AI Models

This content is for the 0.6.2 version. Switch to the latest version for up-to-date documentation.

What Are AI Models?

AI models add intelligence to applications. Traditional software processes data according to rigid rules. AI models understand, analyze, and create content.

An uploaded image becomes “a golden retriever playing in a park” instead of just pixels. A customer support request becomes an opportunity for personalized assistance based on the user’s emotional state and specific needs.

AI models work with text, images, audio, and video. Modern AI infrastructure makes these capabilities as easy to integrate as database queries. You don’t need to understand transformer architectures or GPU clusters. You need to know which model to use for which task and how to integrate it into your application.

Core Concepts

Unified Access Pattern Every AI model in Raindrop uses the same interface: env.AI.run(). Whether you’re generating text with deepseek-r1, analyzing images with llava-1.5-7b, transcribing audio with whisper-large-v3-turbo, or creating embeddings with bge-large-en, the pattern remains consistent. This unified approach lets you swap models, experiment with different capabilities, and compose multiple AI operations without learning provider-specific APIs.

Provider Abstraction and Model Router Raindrop’s model router provides a unified interface that abstracts away provider complexity. Models can be hosted on integrated platform infrastructure (llama-3.1-8b-instruct) or external providers (deepseek-r1, llama-3.3-70b). The router handles authentication, routing, and response formatting automatically. This means llama-3.3-70b works identically whether it runs on platform infrastructure or external providers.

Capability-Based Model Selection Models are organized by capabilities rather than providers: chat models for conversations, vision models for image understanding, embeddings models for semantic search, audio models for speech processing. A model like llama-4-scout-17b supports both chat and vision, while whisper-large-v3 focuses purely on audio transcription. This capability mapping helps you choose the right intelligence for each task.

Type Safety and Schema Validation Each model defines precise input and output types through TypeScript interfaces.
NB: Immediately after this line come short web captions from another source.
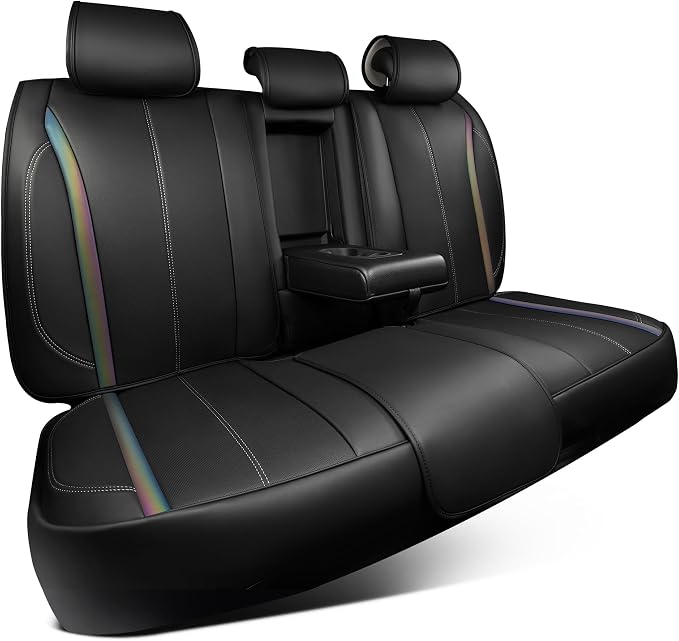 CAR PASS Back Seat Covers, Nappa Leather Rear Seat Bench Cushion Waterproof Breathable Back Row Protector Universal Fit for Car Sedan SUV Pickup Truck, Back Rear Black Chameleon Iridescent Reflective by CARPASS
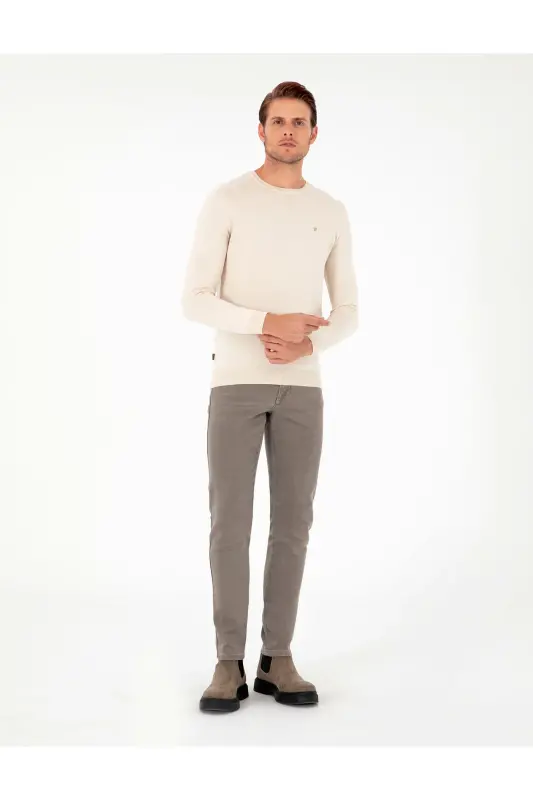 Bej Slim Fit Bisiklet Yaka Basic Triko Kazak 50296621-VR011 - Bej - 4
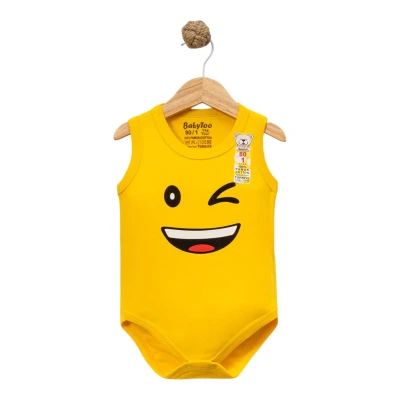 MİMİKLİ EMOJİ BASKILI ASKILI BADİ  3 Ay,6 Ay,9 Ay,12 Ay,18 Ay Uni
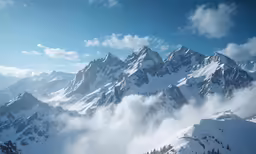 a snowy mountain covered in a layer of white fog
Text models expect messages arrays with role-based conversation structure. Vision models accept image data alongside text prompts. Embedding models process raw text and return numerical vectors. This type safety prevents integration errors and makes model capabilities explicit in your code.

Composable Intelligence Workflows Real intelligence emerges from combining models. A customer service system might use whisper-large-v3 for speech recognition, deepseek-r1 for complex reasoning about the customer’s issue, bge-large-en for retrieving relevant knowledge, and text generation to craft empathetic responses. Each model contributes specialized understanding to create sophisticated AI behaviors.

How It Works

Request Routing Architecture When you call env.AI.run('deepseek-r1', inputs), the system first consults the model catalog to determine routing. Models like llama-3.1-8b-instruct route to integrated platform infrastructure, while deepseek-r1 routes through external providers. The model router handles authentication, request formatting, and response processing automatically. This abstraction means you write the same code regardless of where the model actually runs.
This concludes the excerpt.